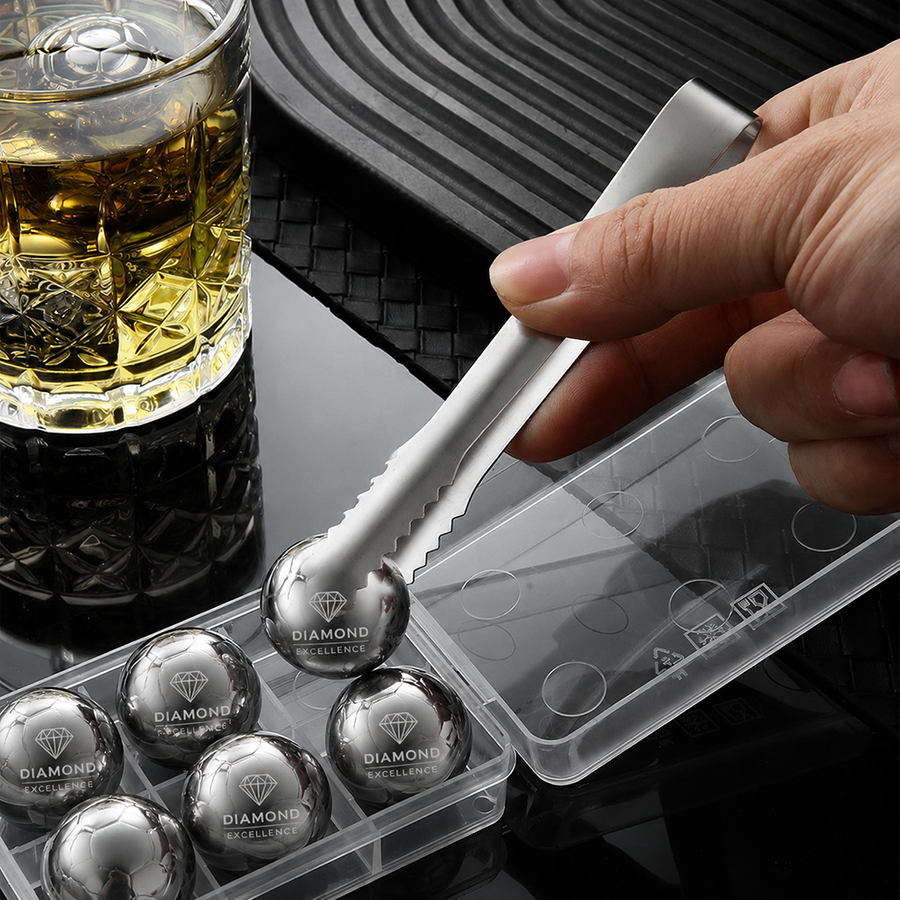 Soccer Ball Stainless Steel Ice Cubes - All Signs Today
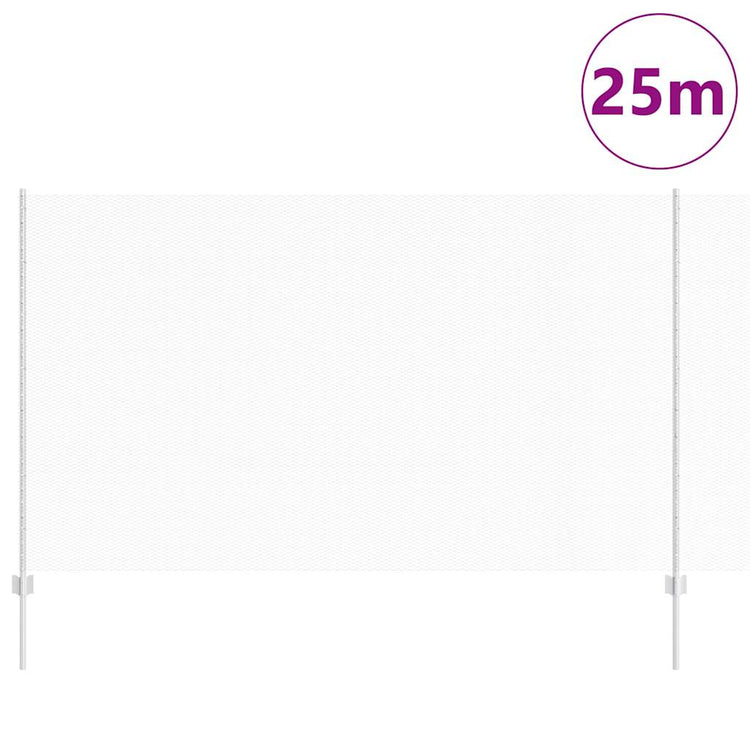 Clôture Vidaxxl avec poteau argenté 1,4 x 25 m en acier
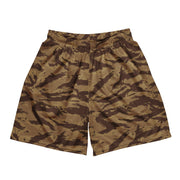 Lizard Greek Desert CAMO Unisex Mesh Shorts - 2XS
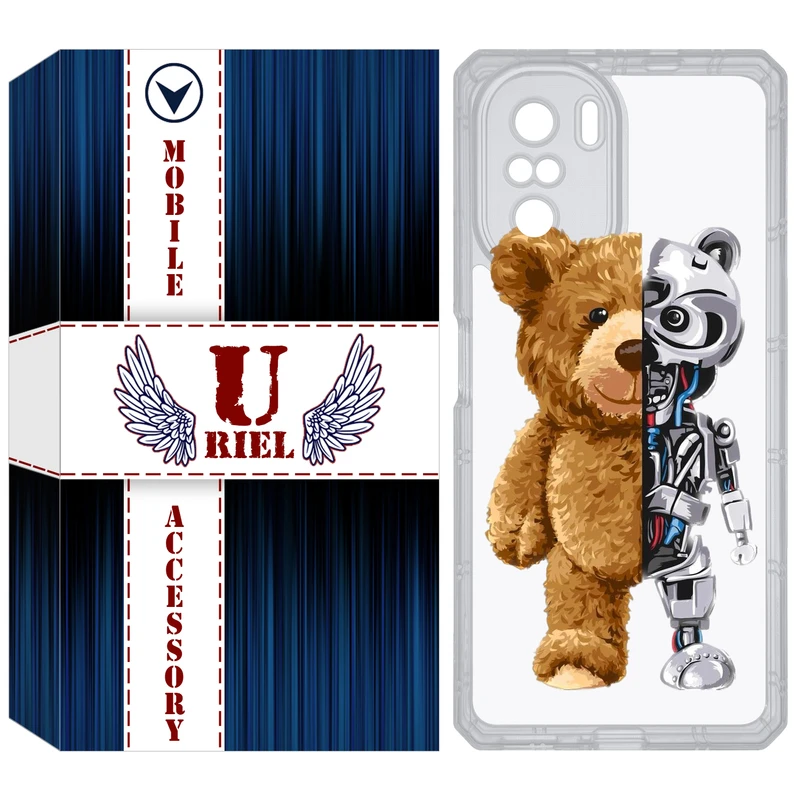 کاور یوریل مدل Clear کد 40 طرح خرس مناسب برای گوشی موبایل شیائومی Poco F3 / Redmi K40 / K40 Pro / Mi 11i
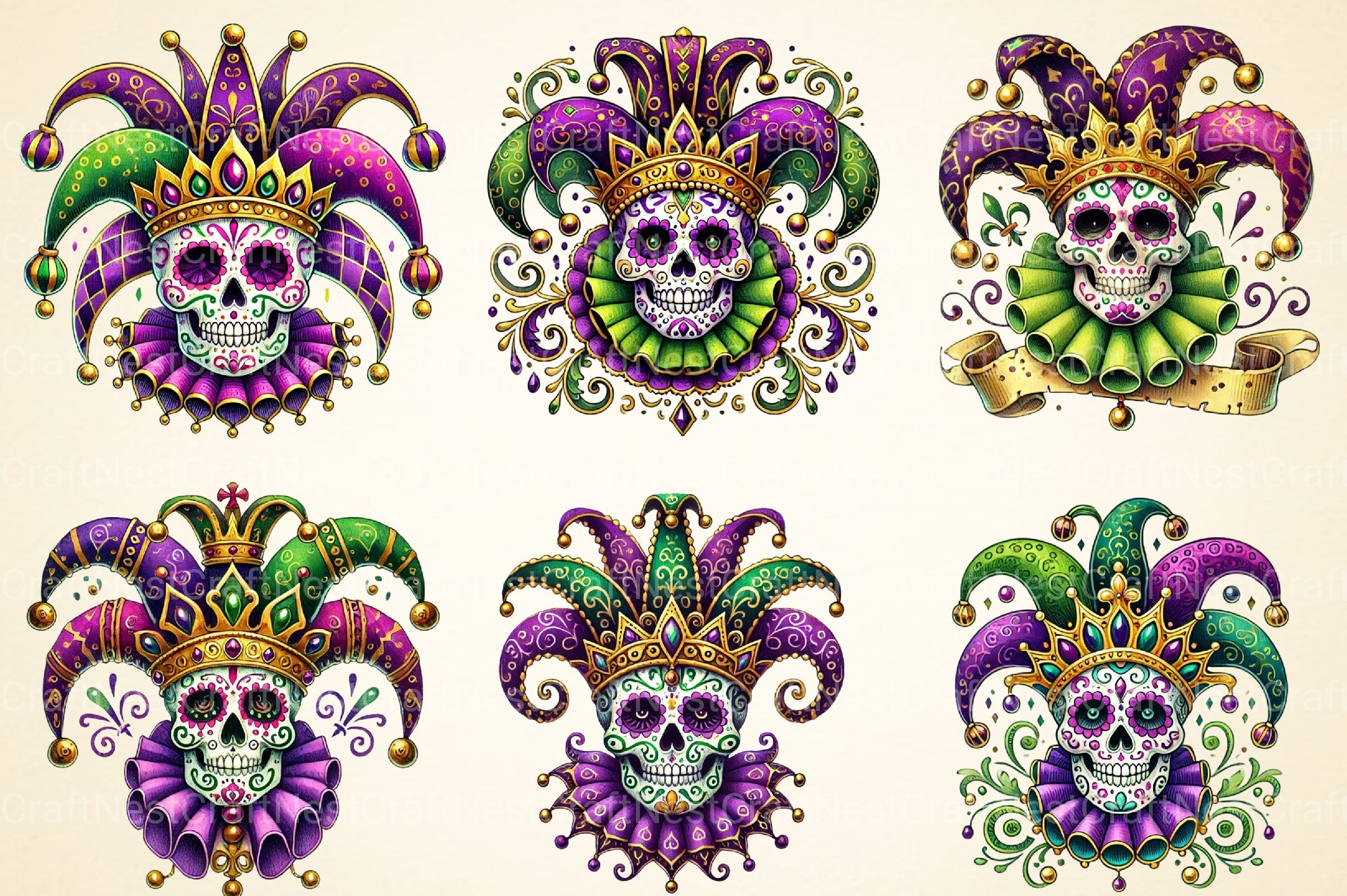 Skull Clipart Bundle 2
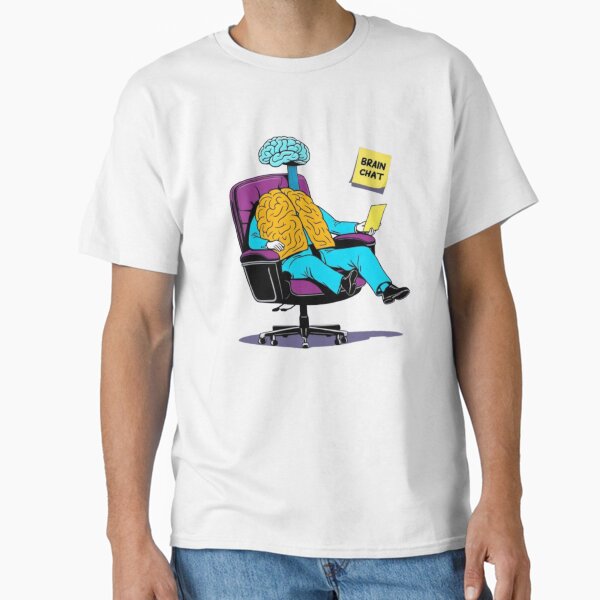 Relaxing Brain Having a Chat Break Classic T-Shirt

**EXERCISE AIM**
Return exactly, and only, the lines that run from the line containing "Clôture Vidaxxl avec" to the last line of the entries above, both ends included, with pictures left out.

**FINAL ANSWER**
 Clôture Vidaxxl avec poteau argenté 1,4 x 25 m en acier
 Lizard Greek Desert CAMO Unisex Mesh Shorts - 2XS
 کاور یوریل مدل Clear کد 40 طرح خرس مناسب برای گوشی موبایل شیائومی Poco F3 / Redmi K40 / K40 Pro / Mi 11i
 Skull Clipart Bundle 2
 Relaxing Brain Having a Chat Break Classic T-Shirt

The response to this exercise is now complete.